In the ’70s, socialite Ann Woodward lived an afflicted life. That’s one of the first things Demi Moore learned about the former showgirl and model when tasked with portraying her for FX’s “Feud: Capote vs. the Swans.” Creator Ryan Murphy had called with the offer and before Moore read anything, she told him, “Whatever it is, I’ll do it.”

And she never looked back. Moore first dove into Laurence Leamer’s 2023 book that the series was based on to learn more about Woodward, determined to make sure her portrayal was accurate — and that she knew what really happened. In 1955, Woodward shot and killed her husband after thinking he was a burglar. The jury ruled the death an accident, but the speculation over whether that was true, along with the ostracism it triggered, tormented her every day.

“Was it an accident, or was it murder?

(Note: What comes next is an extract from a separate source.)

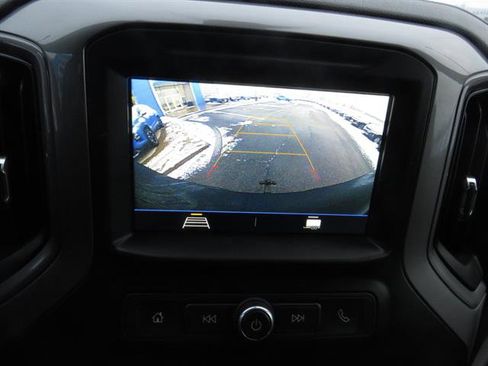 Used 2019 Chevrolet Silverado 1500 Custom Trail Boss w/ Custom Convenience Package image 22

For me, it was really important to make sure, from what I was playing and where I was coming from, that it was accurate and in the truth of what I could find out, which in fact, that it was an accident,” says Moore. “So that way, I wasn’t perpetuating some kind of salacious gossip because there are family members still alive. There’s a certain integrity you need and a fine line you need to walk.” 

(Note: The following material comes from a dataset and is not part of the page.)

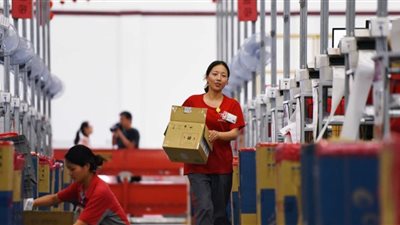 توقعات بتجاوز التجارة الإلكترونية في بكين 385 مليار دولار عام 2018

In 1975, Woodward took her own life after reading that Capote accused her of murder in an early excerpt of his book, published in Esquire magazine.

While a big part of getting into Woodward’s mindset was the physical transformation — “the hair, the makeup, the clothes, it affects everything,” says Moore — the research was what informed her emotionally.

“What were the important things? What were the goals and things she was living for? So much was about externalized validation, which I think no matter who we are, we all understand that. We all have some relationship to wanting to be seen, acknowledged,” says Moore. “Emotionally, the depth of her wounding felt so old, as if it had left her with latent emotional development, as if she was still dealing with mean girls from high school … She had such a hole and an emptiness in her.”

Luckily, being on set with “powerhouse” women like Naomi Watts, Diane Lane, Chloë Sevigny, Jessica Lange and Molly Ringwald, Moore felt the opposite. “How often do you get to see three women, let alone seven? To just be in the company of such talented , creative artists that are my peers was just a delight,” she says, before adding, “We were playing our ages!”

That last part is extremely important; Watts recently shared that she was once told her career would be “over” at age 40 because that’s when you become “unfuckable.” Luckily, the industry has improved for women …  sort of. 

“It has shifted. There’s evolution that has occurred, even, I would say from when I was 40. Because when I was 40 but didn’t look like what they imagined 40 should look like, they didn’t know what to do with me,” Moore says. “I didn’t actually work that much, because I wasn’t 20 or 30. I think if we really look at the deeper crux of this, what we’re looking at is this old idea that women’s value and desirability was tied to their fertility.”

She explains that once women reach a certain age, “it was as if there was shame attached to being sexual or having desire, because it was only tied to it being for the purpose of it versus the independence of it. So I think as we have taken greater ownership of ourselves in this way, I think we’re also seeing it reflected.”

And she’s not done. Moore is passionate about this: “Who’s to say that somebody’s not sexy? It was really something that was tied to that time period of a woman’s life. I think we’re kind of debunking these rules.”